Muitas questões relacionadas com esta doutrina foram debatidas pelos escolásticos, como as referentes à duração da mudança do pão e do vinho no corpo e no sangue de Jesus Cristo, à maneira da presença de Cristo em ambos os elementos, à relação existente entre substância e acidente, à adoração da hóstia, etc. A formulação final da doutrina foi dada pelo Concílio de Trento e está registrada na Sessio XIII dos seus Decretos e Cânones. Oito capítulos e onze cânones lhe são dedicados. Só podemos mencionar os pontos mais importantes aqui: Jesus Cristo está verdadeira, real e substancialmente presente no santo sacramento. O fato de que Ele está assentado à destra de Deus não exclui a possibilidade da Sua presença substancial e sacramental em vários lugares simultaneamente. Pelas palavras de consagração, a substância do pão e do vinho é transformada no corpo e no sangue de Cristo. Cristo completo está presente sob cada espécie e sob cada partícula de uma e outra espécies. Cada pessoa que receber uma partícula da hóstia, receberá o Cristo completo. Ele está presente nos elementos até mesmo antes de serem recebidos pelos comungantes. Em vista desta presença, a adoração da hóstia é simplesmente natural. O sacramento efetua um “aumento da graça santificante, graças especiais atuais, a remissão dos pecados veniais, a preservação de pecado grave (mortal), e a confiante esperança da salvação eterna”.
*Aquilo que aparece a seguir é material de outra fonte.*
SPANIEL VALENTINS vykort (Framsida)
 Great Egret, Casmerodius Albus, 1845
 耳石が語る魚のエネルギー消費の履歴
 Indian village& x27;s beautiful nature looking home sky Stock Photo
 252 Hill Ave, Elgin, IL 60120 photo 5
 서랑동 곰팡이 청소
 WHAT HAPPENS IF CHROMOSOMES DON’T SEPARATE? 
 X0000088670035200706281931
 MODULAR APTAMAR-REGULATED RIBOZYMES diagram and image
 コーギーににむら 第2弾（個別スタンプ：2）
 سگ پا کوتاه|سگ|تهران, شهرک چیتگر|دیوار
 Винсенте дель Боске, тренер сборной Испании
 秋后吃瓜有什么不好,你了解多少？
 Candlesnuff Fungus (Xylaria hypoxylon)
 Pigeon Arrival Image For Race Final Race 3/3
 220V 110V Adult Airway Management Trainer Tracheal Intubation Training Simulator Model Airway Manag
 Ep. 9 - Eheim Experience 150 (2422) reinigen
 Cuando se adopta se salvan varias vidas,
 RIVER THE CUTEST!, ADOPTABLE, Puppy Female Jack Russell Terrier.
2. DURANTE E APÓS A REFORMA. Os Reformadores, todos eles, rejeitaram a teoria sacrificial da Ceia do Senhor e a doutrina medieval da transubstanciação. Diferiam, porém, em sua positiva elaboração da doutrina escriturística da ceia do Senhor. Em oposição a Zwínglio, Lutero insistia na interpretação literal das palavras da instituição e na presença corporal de Cristo na Ceia do Senhor. Contudo, substituiu a doutrina da transubstanciação pela da consubstanciação, defendida exaustivamente por Occam em sua obra sobre o Sacramento do Altar (De Sacramento Altaris), e segundo a qual Cristo está “em, com e sob” os elementos. Zwínglio negava absolutamente a presença corporal de Cristo na Ceia do Senhor e dava interpretação figurada das palavras da instituição. Ele via primariamente no sacramento um ato de comemoração, embora não negasse que nele Cristo está espiritualmente presente à fé dos crentes.
Calvino defendia uma posição intermediária. Como Zwínglio, ele negava a presença corporal do Senhor no sacramento, mas em distinção de Zwínglio, insistia na presença real, ainda que espiritual, do Senhor na Ceia, na presença dele como uma fonte de virtude ou poder e eficácia.. além disso, em vez de acentuar a Ceia do Senhor como ato do homem (quer de comemoração quer de profissão), ele salientava o fato de que ela é, acima de tudo, a expressão de uma dádiva da graça de Deus ao homem, e só secundariamente uma refeição comemorativa e um ato de profissão. Para ele, como também para Lutero, era primordialmente um meio divinamente designado para o fortalecimento da fé. Os socinianos, os arminianos e os menonitas viam na Ceia do Senhor apenas um memorial, um ato de profissão e um meio para melhoramento moral. Sob a influência do racionalismo, este se tornou o conceito popular. Scheleiermacher acentuava o fato de que a Ceia do Senhor é o meio pelo qual a comunhão de vida com Cristo é preservada de maneira particularmente dinâmica no seio da igreja. Muitos dos teólogos “da Mediação”, embora pertencentes à igreja luterana, rejeitavam a doutrina da consubstanciação e aprovavam o conceito calvinista da presença espiritual de Cristo na Ceia do Senhor.